Random selection is rarely the primary algorithm, but it appears in two important contexts. First, as a tiebreaker when other algorithms produce equal candidates. Second, in the power of two random choices algorithm: pick two servers at random, then send the request to whichever has fewer connections. This achieves near-optimal load distribution with minimal coordination, and it is used in systems like Envoy proxy.
Comparison Table
| Algorithm | How It Works | Best For | Fails When |
|---|---|---|---|
| Round-robin | Sequential rotation through server list | Identical servers, uniform request cost | Servers differ in capacity or requests differ in cost |
| Weighted round-robin | Round-robin proportional to configured weights | Heterogeneous server fleet with known capacity ratios | Runtime conditions change (weights are static) |
| Least connections | Route to server with fewest active connections | Variable request durations, long-lived connections | Servers have unequal capacity (use weighted variant) |
| IP hash | Hash client IP to deterministically select server | Session affinity without shared session store | Uneven IP distribution (NAT), server pool changes |
| Random | Pick a server at random | Tiebreaking, "power of two choices" variant | Small request volumes (randomness needs large N to converge) |
Choosing an Algorithm
Start with these questions:
- Are all servers identical? If yes, round-robin or least connections. If no, use a weighted variant.
- Do requests vary in processing time? If yes, least connections outperforms round-robin. If no, round-robin is simpler and sufficient.
- Do you need session affinity? If yes, IP hash or sticky sessions at the load balancer level. If no, connection-based algorithms are more efficient.
- Is the server pool stable? If servers are frequently added and removed (autoscaling), IP hash will cause frequent remapping.

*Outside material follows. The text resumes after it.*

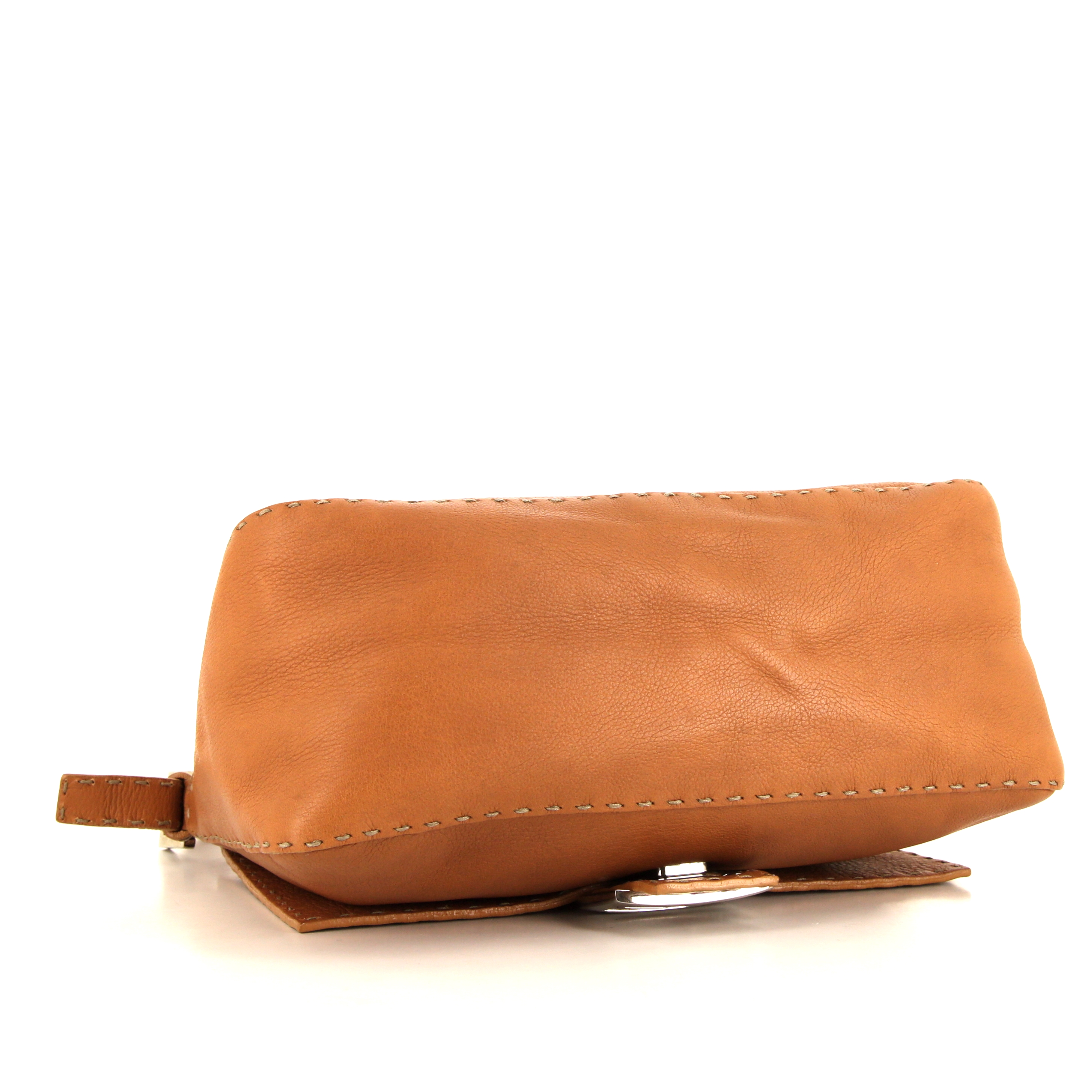 Borsa da spalla o a mano Fendi Big Mama in pelle martellata marrone - Detail D4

Least connections adapts naturally.
Systems Thinking Lens
The load balancing algorithm is a control mechanism in a feedback loop. The system measures some signal (connection count, server order, client IP) and uses it to make a routing decision. The quality of that signal determines the quality of the decision.
Round-robin uses no signal at all. It is open-loop control: distribute evenly and hope for the best. Least connections closes the loop by measuring actual server state. IP hash closes a different loop: ensuring client-server affinity.
When you see a system with uneven load despite a load balancer, the first question is: what signal is the algorithm using, and does that signal actually correlate with server load? If the algorithm is round-robin and one server is overloaded, the algorithm literally cannot see the problem. Switching to least connections adds the feedback the system needs to self-correct.
Further Reading
- NGINX, Using nginx as HTTP Load Balancer. Official documentation covering round-robin, least-connected, and IP hash configuration.
- NGINX, HTTP Load Balancing. Extended guide covering weighted methods, health checks, and session persistence.
- AWS, What Is Load Balancing?. Overview of load balancing concepts and algorithm types.
- Sam Rose, Load Balancing. Interactive visual explanation of load balancing algorithms with animated simulations.
- Wikipedia, Load Balancing (Computing). Comprehensive reference covering all major algorithms and their formal properties.
Assignment
You have three servers behind a load balancer:
- Server A: 8 cores, 32 GB RAM
- Server B: 8 cores, 32 GB RAM
- Server C: 16 cores, 64 GB RAM (twice the capacity of A or B)
Answer the following:
- Which load balancing algorithm would you choose for this fleet? What weights would you assign?
- If you used plain round-robin instead, what would happen to Server A and Server B during peak traffic? What would happen to Server C?
- Now suppose requests vary wildly in cost: some take 10ms and others take 5 seconds. Does your answer to question 1 change? If so, what algorithm would you use instead, and why?